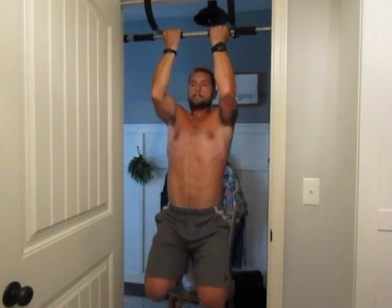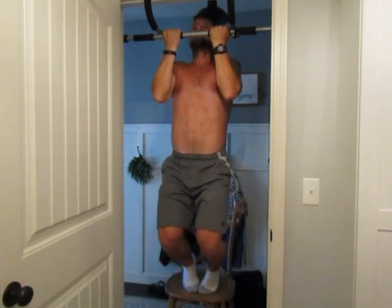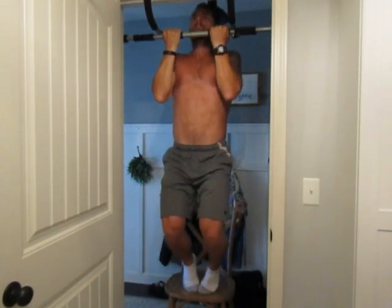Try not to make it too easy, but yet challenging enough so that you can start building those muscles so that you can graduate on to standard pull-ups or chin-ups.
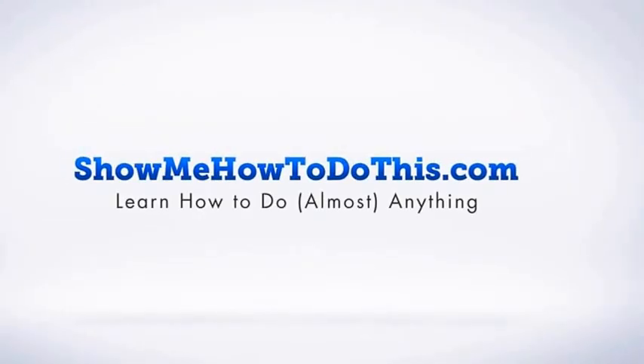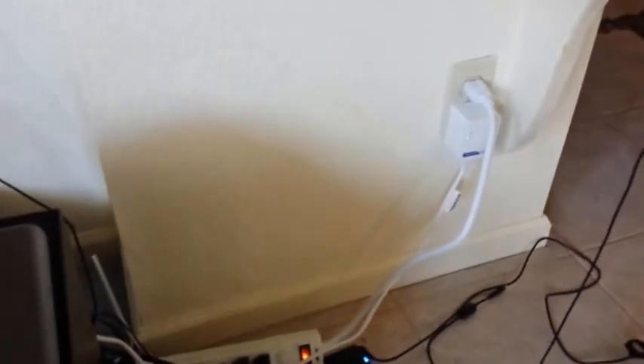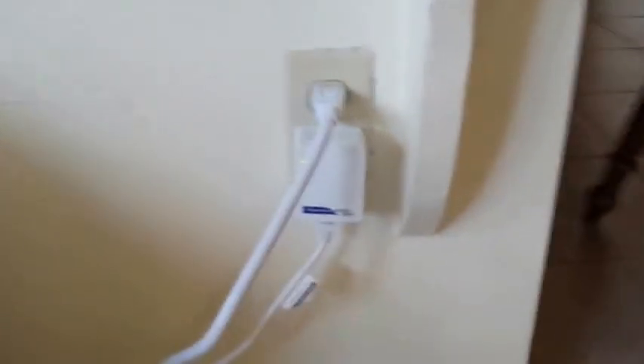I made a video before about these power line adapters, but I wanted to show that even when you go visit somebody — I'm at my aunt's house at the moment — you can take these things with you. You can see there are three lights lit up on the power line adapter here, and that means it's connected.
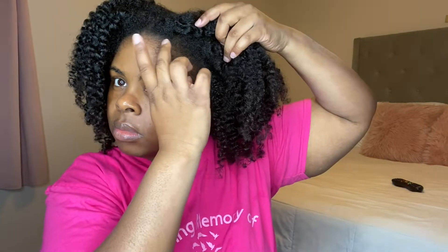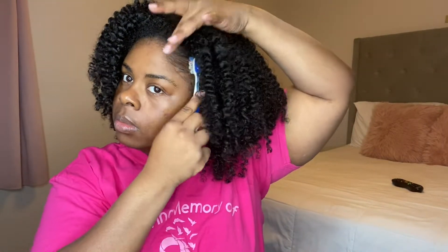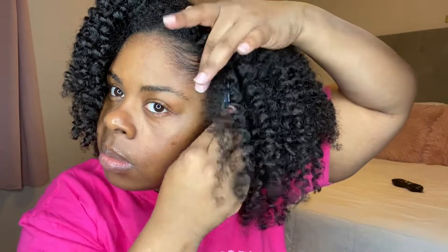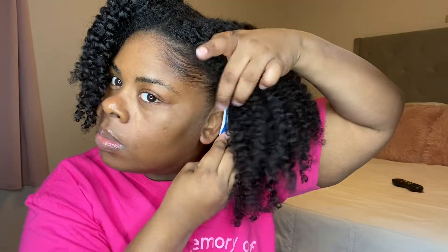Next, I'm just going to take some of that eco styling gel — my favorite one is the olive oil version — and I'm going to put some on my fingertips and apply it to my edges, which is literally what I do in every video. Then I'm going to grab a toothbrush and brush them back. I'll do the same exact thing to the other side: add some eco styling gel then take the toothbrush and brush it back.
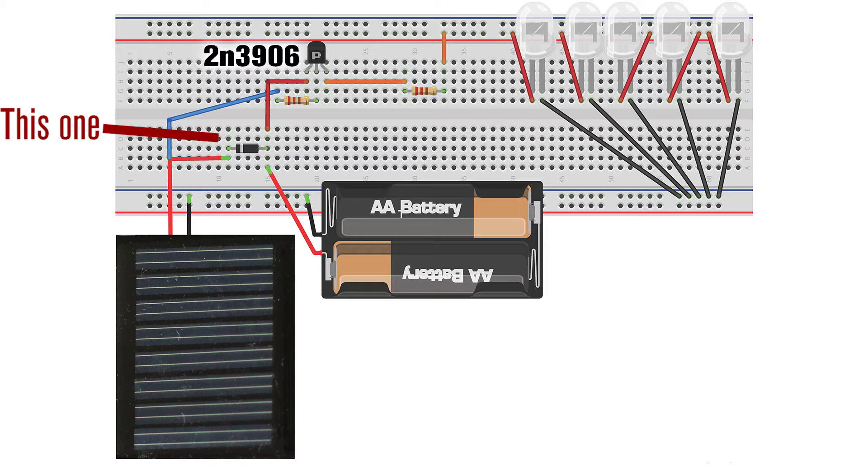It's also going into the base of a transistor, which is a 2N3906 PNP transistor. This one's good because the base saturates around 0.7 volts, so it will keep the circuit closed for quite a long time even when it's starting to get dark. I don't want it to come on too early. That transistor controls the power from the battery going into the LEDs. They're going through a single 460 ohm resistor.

### What is needed
Restate the whole listing above exactly, except for its images.

### Written response
Try not to make it too easy, but yet challenging enough so that you can start building those muscles so that you can graduate on to standard pull-ups or chin-ups.
I made a video before about these power line adapters, but I wanted to show that even when you go visit somebody — I'm at my aunt's house at the moment — you can take these things with you. You can see there are three lights lit up on the power line adapter here, and that means it's connected.
Next, I'm just going to take some of that eco styling gel — my favorite one is the olive oil version — and I'm going to put some on my fingertips and apply it to my edges, which is literally what I do in every video. Then I'm going to grab a toothbrush and brush them back. I'll do the same exact thing to the other side: add some eco styling gel then take the toothbrush and brush it back.
It's also going into the base of a transistor, which is a 2N3906 PNP transistor. This one's good because the base saturates around 0.7 volts, so it will keep the circuit closed for quite a long time even when it's starting to get dark. I don't want it to come on too early. That transistor controls the power from the battery going into the LEDs. They're going through a single 460 ohm resistor.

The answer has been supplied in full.